Restoration of H3k27me3 Modification Epigenetically Silences Cry1 Expression and Sensitizes Leptin Signaling to Reduce Obesity‐Related Properties

The trimethylation on histone H3 lysine 27 (H3k27me3), a transcriptionally repressive epigenetic mark of permissive chromatin, can be removed by the histone lysine demethylase 6a (Kdm6a). However, the physiological function of H3k27me3 and Kdm6a on circadian genes remains largely elusive. With the ChIP‐Seq and mRNA microarray assays, a critical role is identified for Kdm6a in the regulation of H3k27me3 to impact the expression of Crytochrome 1 (Cry1) in the hypothalamus of diet induced obesity mice.
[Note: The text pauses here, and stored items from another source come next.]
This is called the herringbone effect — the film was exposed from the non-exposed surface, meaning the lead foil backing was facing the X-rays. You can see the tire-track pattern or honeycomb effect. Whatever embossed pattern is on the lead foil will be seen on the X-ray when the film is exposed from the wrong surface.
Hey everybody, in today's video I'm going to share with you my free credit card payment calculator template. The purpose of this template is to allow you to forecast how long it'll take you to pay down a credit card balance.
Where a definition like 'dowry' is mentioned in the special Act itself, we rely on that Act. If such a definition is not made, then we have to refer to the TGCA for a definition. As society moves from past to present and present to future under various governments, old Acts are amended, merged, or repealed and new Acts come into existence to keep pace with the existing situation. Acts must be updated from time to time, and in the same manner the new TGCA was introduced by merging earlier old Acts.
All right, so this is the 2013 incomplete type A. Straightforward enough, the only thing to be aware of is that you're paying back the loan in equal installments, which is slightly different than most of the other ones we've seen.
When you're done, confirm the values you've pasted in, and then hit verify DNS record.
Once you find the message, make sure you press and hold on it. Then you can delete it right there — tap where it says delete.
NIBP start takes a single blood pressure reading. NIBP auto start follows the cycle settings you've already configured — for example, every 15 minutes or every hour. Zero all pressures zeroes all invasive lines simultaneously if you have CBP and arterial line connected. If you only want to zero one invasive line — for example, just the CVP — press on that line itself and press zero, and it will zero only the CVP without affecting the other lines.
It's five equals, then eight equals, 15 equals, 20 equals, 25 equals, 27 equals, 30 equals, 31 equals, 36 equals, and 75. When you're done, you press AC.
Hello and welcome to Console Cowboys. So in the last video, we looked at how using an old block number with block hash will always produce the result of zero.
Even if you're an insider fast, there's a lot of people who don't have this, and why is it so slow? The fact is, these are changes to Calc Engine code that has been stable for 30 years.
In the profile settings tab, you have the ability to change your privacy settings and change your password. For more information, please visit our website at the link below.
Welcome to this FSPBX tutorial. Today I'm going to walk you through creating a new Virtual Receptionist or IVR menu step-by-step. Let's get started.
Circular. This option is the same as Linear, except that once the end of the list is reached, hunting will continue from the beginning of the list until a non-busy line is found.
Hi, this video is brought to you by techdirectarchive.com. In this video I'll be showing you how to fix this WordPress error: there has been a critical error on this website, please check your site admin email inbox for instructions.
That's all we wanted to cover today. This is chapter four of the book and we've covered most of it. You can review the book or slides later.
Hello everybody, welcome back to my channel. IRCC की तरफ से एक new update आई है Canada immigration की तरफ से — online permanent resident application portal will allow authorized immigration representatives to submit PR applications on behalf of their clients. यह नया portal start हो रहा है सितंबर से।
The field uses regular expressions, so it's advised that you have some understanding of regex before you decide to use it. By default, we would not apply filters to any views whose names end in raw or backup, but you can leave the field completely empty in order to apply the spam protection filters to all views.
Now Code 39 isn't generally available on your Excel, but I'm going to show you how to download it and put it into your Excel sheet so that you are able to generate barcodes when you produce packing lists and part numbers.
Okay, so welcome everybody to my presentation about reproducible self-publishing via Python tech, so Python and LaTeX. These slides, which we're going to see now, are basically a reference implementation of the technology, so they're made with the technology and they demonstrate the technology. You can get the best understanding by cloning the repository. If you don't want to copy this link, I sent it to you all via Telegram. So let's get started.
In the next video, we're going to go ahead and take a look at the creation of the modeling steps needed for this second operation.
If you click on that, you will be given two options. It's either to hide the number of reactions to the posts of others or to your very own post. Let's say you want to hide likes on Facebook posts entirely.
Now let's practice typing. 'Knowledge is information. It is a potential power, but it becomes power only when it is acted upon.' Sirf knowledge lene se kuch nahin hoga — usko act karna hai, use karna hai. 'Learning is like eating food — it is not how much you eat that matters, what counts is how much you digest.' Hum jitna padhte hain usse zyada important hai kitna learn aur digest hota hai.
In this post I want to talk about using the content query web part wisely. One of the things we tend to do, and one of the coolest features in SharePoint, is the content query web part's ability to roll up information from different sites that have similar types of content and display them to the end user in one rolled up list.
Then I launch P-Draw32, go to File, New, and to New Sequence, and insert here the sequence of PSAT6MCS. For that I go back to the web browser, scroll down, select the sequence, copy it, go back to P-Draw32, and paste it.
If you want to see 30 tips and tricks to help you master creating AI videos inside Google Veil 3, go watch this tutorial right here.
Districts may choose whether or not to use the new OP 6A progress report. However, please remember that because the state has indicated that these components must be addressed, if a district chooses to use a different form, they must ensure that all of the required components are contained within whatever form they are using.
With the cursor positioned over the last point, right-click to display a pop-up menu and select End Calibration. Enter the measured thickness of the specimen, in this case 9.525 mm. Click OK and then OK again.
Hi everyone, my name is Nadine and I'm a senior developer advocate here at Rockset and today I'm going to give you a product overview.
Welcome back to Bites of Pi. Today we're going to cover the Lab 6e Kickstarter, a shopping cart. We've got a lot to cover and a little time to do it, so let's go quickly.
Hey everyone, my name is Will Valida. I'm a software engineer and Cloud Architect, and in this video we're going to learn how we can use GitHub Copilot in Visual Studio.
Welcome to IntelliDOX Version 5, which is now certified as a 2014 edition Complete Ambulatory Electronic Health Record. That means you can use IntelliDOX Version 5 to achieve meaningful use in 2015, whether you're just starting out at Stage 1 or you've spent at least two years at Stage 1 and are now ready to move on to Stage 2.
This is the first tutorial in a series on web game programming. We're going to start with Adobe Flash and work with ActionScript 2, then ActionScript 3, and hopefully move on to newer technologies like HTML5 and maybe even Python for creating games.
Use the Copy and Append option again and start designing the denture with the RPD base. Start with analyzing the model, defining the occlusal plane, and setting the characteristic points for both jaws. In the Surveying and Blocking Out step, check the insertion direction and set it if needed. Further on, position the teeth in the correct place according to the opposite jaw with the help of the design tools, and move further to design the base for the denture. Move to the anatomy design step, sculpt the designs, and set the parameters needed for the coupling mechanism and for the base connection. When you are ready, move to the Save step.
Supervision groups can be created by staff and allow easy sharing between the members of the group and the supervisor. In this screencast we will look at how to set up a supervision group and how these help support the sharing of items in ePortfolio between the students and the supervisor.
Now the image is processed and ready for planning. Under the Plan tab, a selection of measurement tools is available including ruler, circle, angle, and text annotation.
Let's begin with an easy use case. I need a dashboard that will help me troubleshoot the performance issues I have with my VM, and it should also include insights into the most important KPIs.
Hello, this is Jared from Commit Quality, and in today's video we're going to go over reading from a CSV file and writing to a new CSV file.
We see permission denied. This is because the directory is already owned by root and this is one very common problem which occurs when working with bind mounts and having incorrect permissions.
More importantly, both conditional knockout and pharmacological inhibition of Kdm6a reduce body weight and stabilize blood glucose homeostasis. Although a Kdm6a inhibitor fails to decrease body weight in leptin receptor‐deficient db/db mice, it significantly decreases Cry1 expression, enhances sensitivity to exogenous leptin administration, and blocks body weight increases in endo‐leptin‐deficient ob/ob mice. Moreover, gene analysis of the human hypothalamus further reveals a positive correlation between Kdm6a and Cry1. The results show that inhibition of Kdm6a reduces the Cry1 expression and sensitizes leptin signaling to combat obesity‐related disease. Therefore, it implicates Kdm6a as an attractive drug target for obesity and metabolic disorders.